For people on the reservation who are unable to pay for his jewelry, he will trade for services — “you know, mechanic work, house cleaning things like that; even apprentices,” he said.

Manuel also donates some of his jewelry.

“It’s not always about the money,” he said. “It’s about … our values.”

Leonard Marcus assembles herbal medicine (Photo by: Kofi Akoto/ Arizona Sonora News)

Leonard Marcus assembles herbal medicine (Photo by: Kofi Akoto/ Arizona Sonora News)

Herbal Medicine

Leonard Marcus is the CEO of Medicine of the People with his Navajo wife, Virginia Boone Marcus. Medicine of the People offers handmade Navajo herbal remedies to treat a vast array of ailments.

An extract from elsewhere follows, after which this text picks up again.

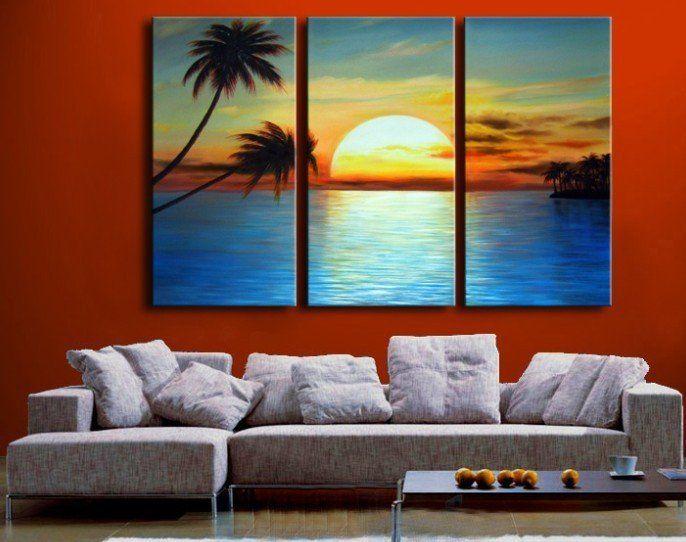 Landscape Painting Ideas, Sunrise Painting, 3 Piece Painting, Acrylic Painting on Canvas, Wall Art Paintings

In 2013, they moved their company from Marana to Tucson, selling only three herbal supplements at the time. The company has now expanded to 16 different supplements.

According to Marcus, at the beginning stages of the their business they were selling 20 to 40 tins per month. In 2015, Medicine of the People broke a company record with a single order of 18,000 tins. One of the company’s biggest customers is the Heard Museum in Phoenix. In the last year, the business also created a website to sell its products.

“We have been able to break out of our niche,” Marcus said. “I have not just Native Americans using our products, but I get calls from white people asking if they can come in and buy products.”

Marcus said his company has expanded so much within the past year that he is ready to hire people to help run his day-to-day operations, including a Native American staff to learn the trade of creating herbal products.

According to the Economic Policy Institute, the 2013 unemployment rate for Native Americans was 11.3 percent, compared to 6.9 percent for whites. The national average was 7.4 percent, according to the U.S. Department of Labor Bureau of Statistics.

Marcus believes that employing more Native Americans will give entrepreneurs in the community an opportunity for financial flexibility to create investment opportunities for future businesses.

“With more money circulating through Native American households, we can finally have the opportunity to start funding instead of relying on outside forces for help,” he said.